David Faraci (Durham), who earned his PhD at Bowling Green in 2012 (Coons was on his committee), has also written about the situation at BGSU on Twitter, noting “how hard it is to talk about a case this complex, especially to share evidence when its weight in isolation is so different from its weight in combination.” You can read his thread on it here.

In his post about Coons’s case, Wilson focuses on the punishments that Coons has been subject to and his possible termination:

Bowling Green needs to reject the idea that professors can be fired for critical emails, and fix procedures to ensure that investigations of protected speech (and preemptive suspensions) never happen again. If Bowling Green fires Coons for making allegations of corruption, they will prove he was right.

A hearing about Coons’s possible termination had been scheduled for yesterday but has been postponed.

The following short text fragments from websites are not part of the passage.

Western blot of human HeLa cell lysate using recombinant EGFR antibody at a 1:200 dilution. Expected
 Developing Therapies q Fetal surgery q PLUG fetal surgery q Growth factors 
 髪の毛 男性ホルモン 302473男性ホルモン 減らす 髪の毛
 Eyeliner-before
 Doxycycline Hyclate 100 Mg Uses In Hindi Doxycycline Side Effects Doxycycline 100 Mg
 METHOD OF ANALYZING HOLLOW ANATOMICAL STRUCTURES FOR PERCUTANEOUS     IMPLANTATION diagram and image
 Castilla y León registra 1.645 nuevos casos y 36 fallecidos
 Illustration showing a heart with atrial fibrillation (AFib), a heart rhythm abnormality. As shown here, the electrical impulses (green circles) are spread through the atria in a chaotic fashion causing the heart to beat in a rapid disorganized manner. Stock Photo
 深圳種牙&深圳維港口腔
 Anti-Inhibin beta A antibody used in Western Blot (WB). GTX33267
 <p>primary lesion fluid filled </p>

Note: comments on this post are closed. Those who have firsthand knowledge of what has been happening at BGSU philosophy are welcome to email comments to [email protected] for possible inclusion in an addendum to this post.


EMAILED COMMENTS

  • “I am a former faculty member in the philosophy department at BGSU. I did not overlap with Christian Coons, so cannot speak to the concerns he and others have  raised about hiring, gender discrimination, and retaliation in the department during the years he has been there. However, I can say that there were acknowledged hiring and other serious procedural irregularities while I was there. The gender dynamics in the department and with administrators ranged from unpleasant to open violations of university harassment and discrimination policies. Procedural irregularities included the cover up of wrongdoing by both faculty and college administrators with knowledge of the wrongdoing.” — from a philosophy professor who asked to have their name withheld. March 23, 2023.